Jan 06

Holiday Surcharges – burden or marketing opportunity?

Should restaurants and cafés pass on the additional labour costs on public holidays?

Holiday surcharges have been in the news lately in New Zealand.  Should restaurants and cafés pass on the additional labour costs on public holidays? The response from Steve Mackenzie, CEO of the Restaurant Association of NZ has plenty of emotive words, but little by way of constructive comments.  According to Mackenzie, the industry operates on a net profit of less than five  percent a year.  No wonder so many restaurants struggle to survive and only a few thrive.

Paper Moon cafe in Mairangi Bay

This café is open for business

Let's take a dispassionate view and apply some basic marketing principles.

Some businesses do charge higher rates for their services outside normal business hours. Surgeries and plumbers for example. This reflects both higher costs and a premium for a valued service,  such as restoring water supply over a weekend.  Most of us do not mind paying a" bit more".  On the other hand, we would be outraged if a supermarket tried to charge more on a public holiday.
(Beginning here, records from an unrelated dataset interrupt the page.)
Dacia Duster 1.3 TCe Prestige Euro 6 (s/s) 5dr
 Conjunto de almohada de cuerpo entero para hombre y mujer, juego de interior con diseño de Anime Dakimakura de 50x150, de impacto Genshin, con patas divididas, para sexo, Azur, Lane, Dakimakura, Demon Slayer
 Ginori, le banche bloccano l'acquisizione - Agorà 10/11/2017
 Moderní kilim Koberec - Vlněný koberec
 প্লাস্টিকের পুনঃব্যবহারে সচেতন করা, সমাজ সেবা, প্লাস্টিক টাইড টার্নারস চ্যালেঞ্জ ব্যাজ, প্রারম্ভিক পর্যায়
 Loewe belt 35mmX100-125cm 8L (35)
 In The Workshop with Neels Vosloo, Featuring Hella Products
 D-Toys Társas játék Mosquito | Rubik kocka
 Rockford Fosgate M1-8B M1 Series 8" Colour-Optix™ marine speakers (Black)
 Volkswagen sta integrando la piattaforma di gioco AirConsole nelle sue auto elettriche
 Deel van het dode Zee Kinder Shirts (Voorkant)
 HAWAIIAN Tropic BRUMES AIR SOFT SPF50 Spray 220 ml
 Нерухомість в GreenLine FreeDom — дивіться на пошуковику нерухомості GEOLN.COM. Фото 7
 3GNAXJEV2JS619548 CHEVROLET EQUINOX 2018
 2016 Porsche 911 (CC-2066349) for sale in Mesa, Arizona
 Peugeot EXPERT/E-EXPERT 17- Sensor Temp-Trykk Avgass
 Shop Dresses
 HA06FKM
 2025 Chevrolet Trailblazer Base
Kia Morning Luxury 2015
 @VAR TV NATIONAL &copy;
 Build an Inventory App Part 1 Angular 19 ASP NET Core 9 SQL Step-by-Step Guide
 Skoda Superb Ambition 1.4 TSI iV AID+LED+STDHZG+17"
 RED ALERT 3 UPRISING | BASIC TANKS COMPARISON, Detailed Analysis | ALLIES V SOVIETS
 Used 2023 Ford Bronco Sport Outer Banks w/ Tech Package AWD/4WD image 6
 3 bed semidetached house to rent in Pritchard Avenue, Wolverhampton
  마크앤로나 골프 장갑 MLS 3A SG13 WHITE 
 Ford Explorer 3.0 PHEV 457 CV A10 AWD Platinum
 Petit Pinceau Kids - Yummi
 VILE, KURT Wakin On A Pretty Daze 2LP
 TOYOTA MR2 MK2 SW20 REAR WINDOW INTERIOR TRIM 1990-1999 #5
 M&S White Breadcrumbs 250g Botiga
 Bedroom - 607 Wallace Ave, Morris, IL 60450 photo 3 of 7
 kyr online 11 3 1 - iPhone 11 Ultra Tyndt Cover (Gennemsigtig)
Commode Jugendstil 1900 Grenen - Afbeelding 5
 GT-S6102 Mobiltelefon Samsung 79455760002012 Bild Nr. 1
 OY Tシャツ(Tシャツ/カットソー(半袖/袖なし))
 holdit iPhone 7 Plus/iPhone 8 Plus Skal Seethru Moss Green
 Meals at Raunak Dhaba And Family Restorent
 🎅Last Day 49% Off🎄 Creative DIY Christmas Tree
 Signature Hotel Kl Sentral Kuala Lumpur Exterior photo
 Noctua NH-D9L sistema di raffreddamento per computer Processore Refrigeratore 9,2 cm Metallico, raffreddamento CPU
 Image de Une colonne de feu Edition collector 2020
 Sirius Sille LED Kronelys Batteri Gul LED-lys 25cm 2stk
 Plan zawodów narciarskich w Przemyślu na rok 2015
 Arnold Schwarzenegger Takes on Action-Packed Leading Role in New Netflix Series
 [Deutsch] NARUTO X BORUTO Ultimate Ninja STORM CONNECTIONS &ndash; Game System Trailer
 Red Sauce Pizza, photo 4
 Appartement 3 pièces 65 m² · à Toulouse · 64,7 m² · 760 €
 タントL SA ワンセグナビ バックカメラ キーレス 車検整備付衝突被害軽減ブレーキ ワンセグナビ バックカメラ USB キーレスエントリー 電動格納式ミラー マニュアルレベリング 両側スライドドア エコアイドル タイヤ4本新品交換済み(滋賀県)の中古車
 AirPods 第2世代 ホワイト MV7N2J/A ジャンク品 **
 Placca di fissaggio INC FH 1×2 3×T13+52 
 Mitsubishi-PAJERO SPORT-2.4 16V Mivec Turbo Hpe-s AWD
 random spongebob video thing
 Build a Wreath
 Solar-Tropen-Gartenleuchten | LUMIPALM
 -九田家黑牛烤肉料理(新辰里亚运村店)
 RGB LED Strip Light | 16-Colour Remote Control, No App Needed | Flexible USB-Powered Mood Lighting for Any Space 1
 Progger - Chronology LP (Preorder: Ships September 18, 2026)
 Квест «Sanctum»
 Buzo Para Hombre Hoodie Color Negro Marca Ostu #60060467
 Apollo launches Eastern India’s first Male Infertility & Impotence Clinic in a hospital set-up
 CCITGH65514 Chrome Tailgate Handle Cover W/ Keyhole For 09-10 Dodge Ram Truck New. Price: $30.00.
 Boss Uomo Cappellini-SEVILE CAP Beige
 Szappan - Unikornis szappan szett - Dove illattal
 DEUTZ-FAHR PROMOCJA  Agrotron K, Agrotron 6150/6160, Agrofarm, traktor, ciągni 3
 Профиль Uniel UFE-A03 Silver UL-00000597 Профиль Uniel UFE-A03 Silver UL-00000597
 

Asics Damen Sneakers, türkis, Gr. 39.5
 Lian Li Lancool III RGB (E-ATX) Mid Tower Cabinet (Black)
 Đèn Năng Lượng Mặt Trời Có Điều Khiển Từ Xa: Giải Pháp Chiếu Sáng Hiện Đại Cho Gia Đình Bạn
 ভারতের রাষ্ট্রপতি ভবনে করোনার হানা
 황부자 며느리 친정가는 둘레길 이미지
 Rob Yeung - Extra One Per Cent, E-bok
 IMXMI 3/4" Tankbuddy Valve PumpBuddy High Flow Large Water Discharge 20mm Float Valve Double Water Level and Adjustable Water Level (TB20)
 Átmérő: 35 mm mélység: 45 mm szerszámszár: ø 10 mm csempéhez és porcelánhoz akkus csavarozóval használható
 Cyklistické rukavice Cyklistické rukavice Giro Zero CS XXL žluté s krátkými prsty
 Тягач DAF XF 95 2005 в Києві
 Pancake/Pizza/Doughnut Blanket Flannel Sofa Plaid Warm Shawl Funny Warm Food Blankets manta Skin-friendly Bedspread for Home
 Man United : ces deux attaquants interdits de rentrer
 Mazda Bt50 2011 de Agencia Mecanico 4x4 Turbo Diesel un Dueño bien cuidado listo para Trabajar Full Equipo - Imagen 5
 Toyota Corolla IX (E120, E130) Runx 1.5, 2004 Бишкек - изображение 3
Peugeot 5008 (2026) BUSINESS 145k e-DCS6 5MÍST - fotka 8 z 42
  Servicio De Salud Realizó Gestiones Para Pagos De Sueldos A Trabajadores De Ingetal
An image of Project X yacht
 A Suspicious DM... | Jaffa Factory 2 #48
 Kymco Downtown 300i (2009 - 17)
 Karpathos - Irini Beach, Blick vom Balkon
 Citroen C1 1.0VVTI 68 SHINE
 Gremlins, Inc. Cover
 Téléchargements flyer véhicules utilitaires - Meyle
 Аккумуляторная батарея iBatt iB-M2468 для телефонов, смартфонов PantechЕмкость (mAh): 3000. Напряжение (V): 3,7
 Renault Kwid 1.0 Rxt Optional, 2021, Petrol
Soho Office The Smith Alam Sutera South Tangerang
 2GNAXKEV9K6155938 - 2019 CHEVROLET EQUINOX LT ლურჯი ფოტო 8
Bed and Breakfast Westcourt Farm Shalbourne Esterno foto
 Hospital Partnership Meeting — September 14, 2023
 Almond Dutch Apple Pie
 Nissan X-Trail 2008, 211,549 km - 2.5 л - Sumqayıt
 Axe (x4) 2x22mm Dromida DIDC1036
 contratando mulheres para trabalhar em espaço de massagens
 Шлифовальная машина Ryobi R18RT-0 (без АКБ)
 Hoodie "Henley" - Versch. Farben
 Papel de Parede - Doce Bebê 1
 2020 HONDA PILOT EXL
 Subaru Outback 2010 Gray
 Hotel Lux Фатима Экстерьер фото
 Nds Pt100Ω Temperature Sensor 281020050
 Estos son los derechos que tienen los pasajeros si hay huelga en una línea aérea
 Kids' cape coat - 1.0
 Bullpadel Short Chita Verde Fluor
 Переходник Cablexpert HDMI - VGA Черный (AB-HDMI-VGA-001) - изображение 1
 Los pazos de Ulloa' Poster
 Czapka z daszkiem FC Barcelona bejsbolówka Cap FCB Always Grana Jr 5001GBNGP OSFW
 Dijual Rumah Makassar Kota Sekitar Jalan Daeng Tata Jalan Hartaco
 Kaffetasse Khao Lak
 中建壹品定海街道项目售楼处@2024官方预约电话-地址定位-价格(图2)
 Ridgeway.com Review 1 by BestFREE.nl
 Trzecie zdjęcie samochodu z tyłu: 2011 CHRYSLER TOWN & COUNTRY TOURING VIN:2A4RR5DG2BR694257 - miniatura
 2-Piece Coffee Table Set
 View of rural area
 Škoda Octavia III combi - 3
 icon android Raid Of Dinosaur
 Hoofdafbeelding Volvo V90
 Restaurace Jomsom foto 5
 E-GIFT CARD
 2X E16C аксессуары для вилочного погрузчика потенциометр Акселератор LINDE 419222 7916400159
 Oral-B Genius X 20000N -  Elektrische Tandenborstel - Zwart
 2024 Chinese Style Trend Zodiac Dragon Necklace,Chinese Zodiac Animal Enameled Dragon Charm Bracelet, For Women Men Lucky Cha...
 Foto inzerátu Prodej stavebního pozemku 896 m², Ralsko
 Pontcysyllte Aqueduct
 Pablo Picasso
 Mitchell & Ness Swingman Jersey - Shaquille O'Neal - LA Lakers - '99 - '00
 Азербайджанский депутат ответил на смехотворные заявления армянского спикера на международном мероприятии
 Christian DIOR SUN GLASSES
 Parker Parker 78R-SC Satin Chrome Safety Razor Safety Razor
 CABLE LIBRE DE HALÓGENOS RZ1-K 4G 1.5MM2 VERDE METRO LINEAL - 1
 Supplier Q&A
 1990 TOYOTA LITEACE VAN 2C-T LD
So what should a restaurant do when faced with higher wages costs on a public holiday?  "Raise prices" is the easy and lazy response and is based on a "cost-plus" mentality.  The right choice for some might be to close, but they should make this known in advance and explain the reasons to their regular customers.  Yes, this does mean knowing who your regular customers are and communicating with them!

There are some more imaginative ways of dealing with this.  Here are some examples:

  • Offer a special holiday menu, with a limited choice of items to reduce costs and wastage.  Fewer choices may actually be well received by your customers. Read "we have so many products. Choice, eh!"
  • Encourage your customers to spend more by offering specials for two or three courses from the holiday menu.
  • If you feel you have to charge more, make this a cover charge, which could be cancelled if the total bill is more than a set amount - say $30 or whatever figure seems reasonable.
  • Increase patronage by promoting "no holiday surcharge" or better still "special holiday menu: two courses for only $25".
  • Hire a band to entertain your customers - not too loudly unless you are running a disco.  Charging per head is accepted and you could charge bit more.
  • Work as a team with all the staff to provide a truly memorable experience and craft this into a story that has emotional appeal.  "We have made a special effort to make this a memorable experience and it would be wonderful if you could show your appreciation.  All tips are shared equally".
  • Make good use of social media to convey these messages to your target audience.

I encourage owners and managers of restaurants and cafés to think of creative ways of dealing with the increased costs of operating on public holidays. Don't just think about the day's takings, think about providing an enjoyable experience for your customers and the power of word of mouth referrals.

As consumers we should always be on our guard against poor service or excessive charges.  If you are not happy complain and tell your friends to be on their guard.  If you are happy, say so and perhaps be a bit more generous with that tip. You will of course tell your friends as well.

There are lessons to be drawn for most business managers and advisers too.  Don’t assume that increasing your prices when faced with a cost increase is the only, or worst still, best option.